Acknowledgements: These exercises are based on the materials prepared by Prof. Michael Franke

Exercise 1: Common probability distributions in R

The goal of this exercise is to get more comfortable with probability distributions in R, using functions like rnorm and dbinom.

Binomial distribution

Plot the binomial distribution

Random variable \(K\) follows a binomial distribution, so that \(k \sim \text{Binom}(\theta, N)\), where \(\theta\) is the bias towards heads (= success, number 1) and \(N\) is the number of coin tosses (trials). Plot the probability mass function for \(0 \le k \le N\) on the \(x\)-axis, for each one of the four values \(\theta \in \{0.2, 0.5, 0.7, 0.9\}\), keeping \(N=24\) fixed. Use a facet plot. The outcome should look roughly like the plot below.

expand_grid(
  k = 0:24,
  theta = c(0.2, 0.5, 0.7, 0.9)
) %>% 
  mutate(
    lh = dbinom(k, 24, theta),
    theta = str_c("theta = ", theta)
  ) %>% 
  ggplot(aes(x = k, y = lh)) +
  geom_col() +
  facet_wrap(~theta, ncol = 2) +
  labs(
    x = latex2exp::TeX("Number of heads $k$"),
    y = "Likelihood of observation"
  )

Interpret the plot

Describe in one concise sentence what one of the four faceted plot shows. For example (but totally wrong): “The graphs in each facet show the prior probability of latent parameter \(k\) for data observations from different conditions.”

Cumulative probability

Calculate the probability of observing no more than 7 successes for \(N= 24\) and each \(\theta \in \{0.2, 0.5, 0.7, 0.9\}\).

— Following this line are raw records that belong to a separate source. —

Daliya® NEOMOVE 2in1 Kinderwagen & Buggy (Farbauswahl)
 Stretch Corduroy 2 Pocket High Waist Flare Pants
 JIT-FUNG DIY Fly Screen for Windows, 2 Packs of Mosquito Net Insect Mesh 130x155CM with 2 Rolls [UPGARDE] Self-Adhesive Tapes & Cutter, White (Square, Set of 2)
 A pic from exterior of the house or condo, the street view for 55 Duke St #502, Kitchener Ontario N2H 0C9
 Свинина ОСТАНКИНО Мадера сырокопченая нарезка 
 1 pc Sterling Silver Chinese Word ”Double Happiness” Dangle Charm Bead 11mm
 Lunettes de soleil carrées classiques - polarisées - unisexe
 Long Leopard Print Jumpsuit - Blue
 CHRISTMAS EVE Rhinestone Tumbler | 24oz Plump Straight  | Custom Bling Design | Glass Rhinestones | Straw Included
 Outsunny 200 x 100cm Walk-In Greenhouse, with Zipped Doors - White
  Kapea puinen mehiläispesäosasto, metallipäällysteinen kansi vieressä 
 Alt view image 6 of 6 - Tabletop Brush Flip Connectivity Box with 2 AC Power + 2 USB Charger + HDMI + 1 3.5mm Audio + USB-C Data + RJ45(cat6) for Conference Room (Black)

theta <- c(0.2, 0.5, 0.7, 0.9)
pbinom(7, 24, theta)
## [1] 9.108287e-01 3.195733e-02 4.387079e-05 1.729516e-12

Normal distribution

Sample from the normal distribution and plot

Suppose variable \(X\) follows a normal distribution, so that \(x \sim \text{Norm}(\mu,\sigma)\) for some mean \(\mu\) and standard deviation \(\sigma\). For each combination of parameter values \(\mu \in \{0, 10\}\) and \(\sigma \in \{1,5\}\), take 10,000 random samples from \(X\). Plot the results as a histogram, using facets. The output could look roughly like the plot below.

n_samples = 10000
expand_grid(
  mu = c(0,10),
  sd = c(1,5),
  samples = 1
) %>% 
  nest(samples) %>% 
  group_by(mu, sd) %>% 
  mutate(
    samples = list(s = rnorm(10000,mu,sd))
  ) %>% 
  select(- data) %>% 
  unnest(samples)%>% 
  ungroup() %>% 
  mutate(
    mu = str_c("mu = ", mu),
    sd = str_c("sigma = ", sd)
  ) %>% 
  ggplot(aes(x = samples)) +
  geom_histogram() +
  facet_grid(mu ~ sd, scales = "free") 

Cumulative probability

Calculate the probability of observing an outcome of at least 0.5, \(P(X \ge 0.5)\), for each of the four parameter value combinations used above. The outcome of your calculation should be:

expand_grid(
  mu = c(0,10),
  sd = c(1,5)
) %>% 
  mutate(
    prob = 1 - pnorm(0.5, mu, sd)
  )
## # A tibble: 4 × 3
##      mu    sd  prob
##   <dbl> <dbl> <dbl>
## 1     0     1 0.309
## 2     0     5 0.460
## 3    10     1 1    
## 4    10     5 0.971

Explain these results

Explain the results from the previous task. Why do we see this ordering in the probability scores for different parameter pairs, e.g., why does \(\mu = 1\) and \(\sigma = 1\) score the lowest, followed by …, followed by … etc.?

Exercise 2. Plot joint and marginal probabilities

Before we dive into the exercise, let’s revise what joint and marginal probabilities mean.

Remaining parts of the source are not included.